What, then, is the precise relation of Adam in his fall to those who come after him? Paul does not say, unless he provides the information in the last clause of the verse. The NIV uses the word “because,” which is certainly the meaning of eph’ hō in 2 Corinthians 5:4 and probably also in Philippians 3:12. The Vulgate rendering of the Greek is in quo, which could be understood as meaning “in which” (i.e., death) or “in whom” (i.e., Adam). The former does not make sense and the latter is so far removed from the antecedent (“man”) as to be dubious, though this was Augustine’s conclusion (see Notes).

Now if the correct translation is “because all sinned,” why did not Paul go on to say specifically that all sinned in the first man? That he could have done so seems clear from v. 19: “For just as through the disobedience of the one man the many were made sinners, so also through the obedience of the one man the many will be made righteous.” Was it the sudden breaking off to follow another line of thought (vv. 13–14) that prevented the full statement? Or was it Paul’s reluctance to gloss over human responsibility, which he had already established in terms of universal sin and guilt (3:23)? Experience demonstrates that despite the inheritance of a sinful nature from Adam, people are convicted of guilt for the sins resulting from it, i.e., for the sins they themselves commit. Conscience is a factor in human life and the Holy Spirit does convict of sin (cf. Jn 16:8). Perhaps, then, as some hold, while the emphasis on original sin is primary in the light of the passage as a whole, there is a hint that personal choice and personal sin are not entirely excluded (cf. “many trespasses” in v. 16).

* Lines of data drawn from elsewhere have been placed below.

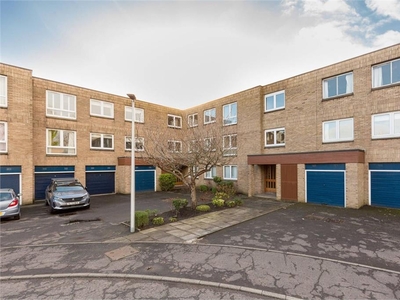 3 bed first floor flat for sale in Trinity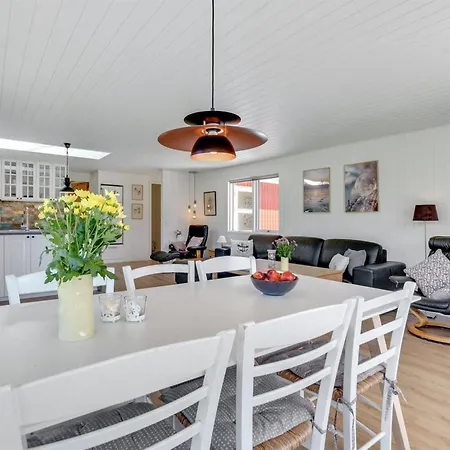 Σπίτι διακοπών Thorvor - 1-5km From The Sea By Interhome Blåvand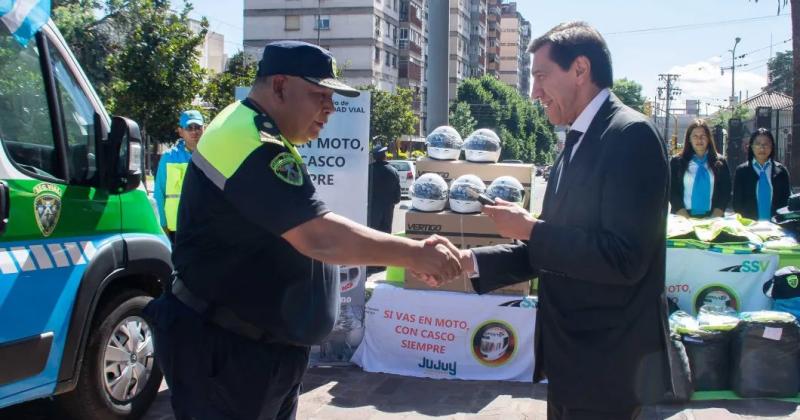 Equipamiento para la Policiacutea de Traacutensito y Seguridad Vial 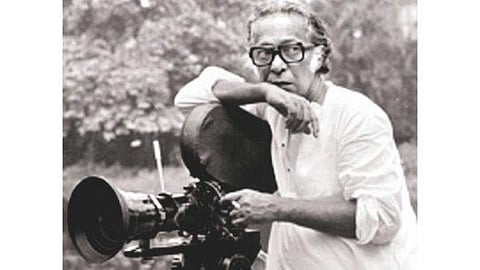 Veteran filmmaker Mrinal Sen passes away at 95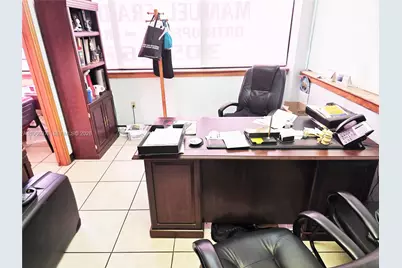 8080 W Flagler St, Miami, FL 33144 - Photo 23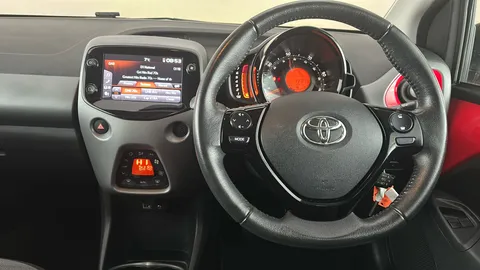 TOYOTA AYGO 1.0 VVT-i X-Trend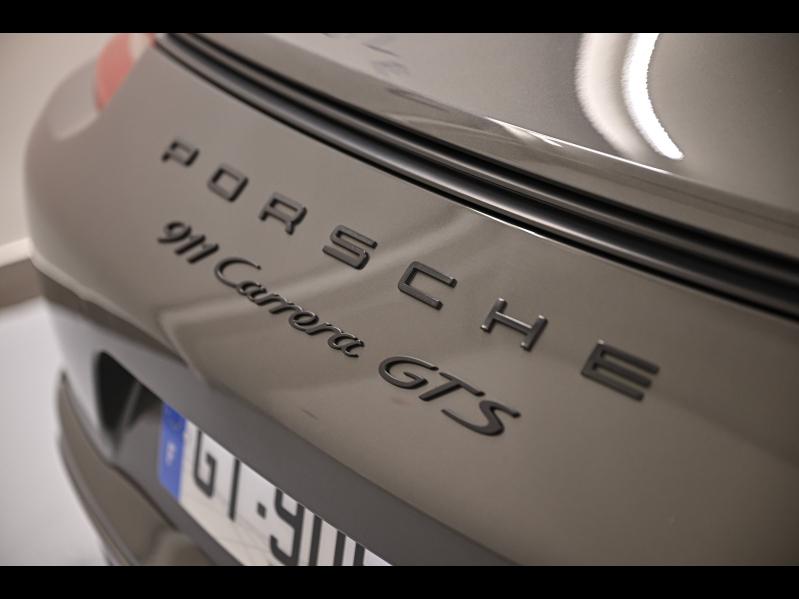 Voitures occasions PORSCHE 911 Coupe Carrera GTS Paris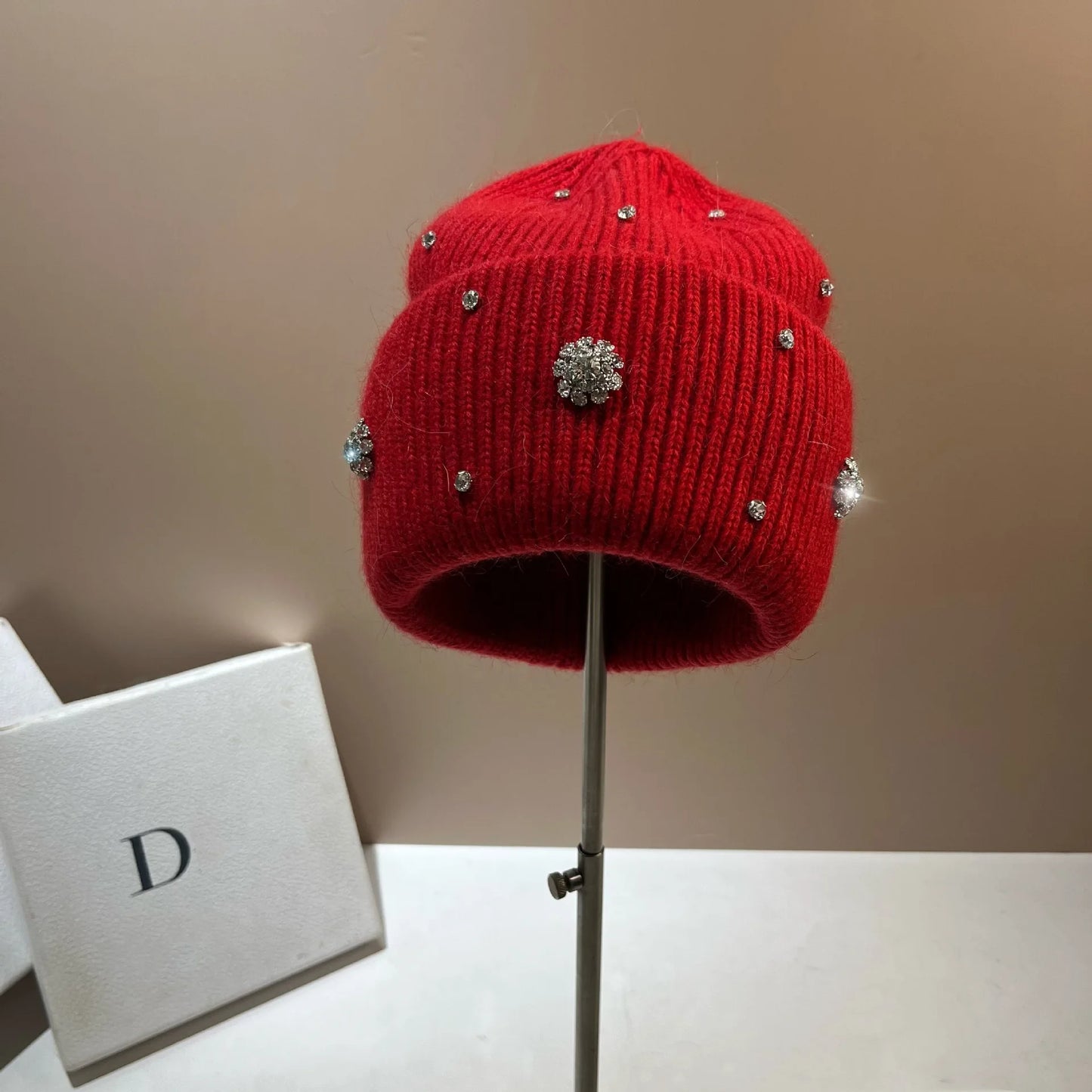 Beaira Luxury Rhinstone Real Rabbit Fur Knitted Hats for Women Winter Warm Wool Skullies Beanies Lady Casual Beanie Bonnet Skiing Cap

That we could have sinned in Adam may seem strange and unnatural to the Western mind. Nevertheless, it is congenial to biblical teaching on the solidarity of the human race. (For a famous example of corporate solidarity in the OT, see the story recorded in Jos 7:16–26.) When Adam sinned, the race sinned because the race was in him. Similar views are found in Jewish writings perhaps a half century after Paul: in 2 Esdras 7:118, “O Adam, what have you done? For though it was you who sinned, the fall was not yours alone, but ours also who are your descendants” (cf. 2 Esd 3:7, 21), and 2 Baruch 54:15, “Adam sinned first and has brought death upon all who were not in his own time” (cf. 2 Bar 17:3; 23:4). To put it boldly, Adam was the race. What he did, his descendants, who were still in him, did also. This principle is utilized in Hebrews 7:9–10: “One might even say that Levi, who collects the tenth, paid the tenth through Abraham, because when Melchizedek met Abraham, Levi was still in the body of his ancestor.”

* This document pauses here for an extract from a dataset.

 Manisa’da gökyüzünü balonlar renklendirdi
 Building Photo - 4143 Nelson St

The doctrine of original sin and the punishment of Adam’s progeny for Adam’s sin would be an intolerable doctrine if any of his progeny had actually lived a life without sin. In fact, however, as Paul has made abundantly clear in 1:1–3:21, every human being is guilty of sin. The author of 2 Baruch, quoted above, also puts emphasis on our own responsibility: “each of us has become our own Adam” (2 Bar 54:19); all human beings consistently repeat for themselves the sin of their forefather. Sin is part of the natural makeup of the children of Adam, and they cannot escape living out their Adamic nature.

If one is still troubled by the seeming injustice of being born with a sinful nature because of what the father of the race did and being held accountable for the sins that result from that disability, one should weigh carefully the significance of reconciliation as stated by Paul: “that God was reconciling the world to himself in Christ, not counting men’s sins against them” (2 Co 5:19, emphasis added). The sins committed, which owe their original impetus to the sin of the first man, are not reckoned against those who have committed them, provided they put their trust in Christ crucified and risen. God takes their sins and gives them his righteousness.[6]

[1] Tozer, A. W. (2015). Mornings with tozer: daily devotional readings. Chicago, IL: Moody Publishers.

[2] MacDonald, W. (1995). Believer’s Bible Commentary: Old and New Testaments. (A. Farstad, Ed.) (pp. 1697–1698). Nashville: Thomas Nelson.

[3] Hendriksen, W., & Kistemaker, S. J. (1953–2001). Exposition of Paul’s Epistle to the Romans (Vol. 12–13, pp. 176–179). Grand Rapids: Baker Book House.

[4] MacArthur, J. F., Jr. (1991). Romans (pp. 292–298). Chicago: Moody Press.

[5] Boice, J. M. (1991–). Romans: The Reign of Grace (Vol. 2, pp. 552–560). Grand Rapids, MI: Baker Book House.

[6] Harrison, E. F., & Hagner, D. A. (2008). Romans. In T. Longman III &. Garland, David E. (Ed.), The Expositor’s Bible Commentary: Romans–Galatians (Revised Edition) (Vol. 11, pp. 95–97). Grand Rapids, MI: Zondervan.

May 24 – Three Aspects of the Divine Will

Your will be done, on earth as it is in heaven.—Matt. 6:10b

God’s Word reveals three aspects of His will. First is His will of purpose—His sovereign, ultimate plan for the universe. “Surely, just as I [God] have intended so it has happened, and just as I have planned so it will stand” (Isa. 14:24; cf. Eph. 1:9–11). It has been within God’s purpose to allow sin to affect the world for a time. But that situation will end precisely according to His plan and foreknowledge.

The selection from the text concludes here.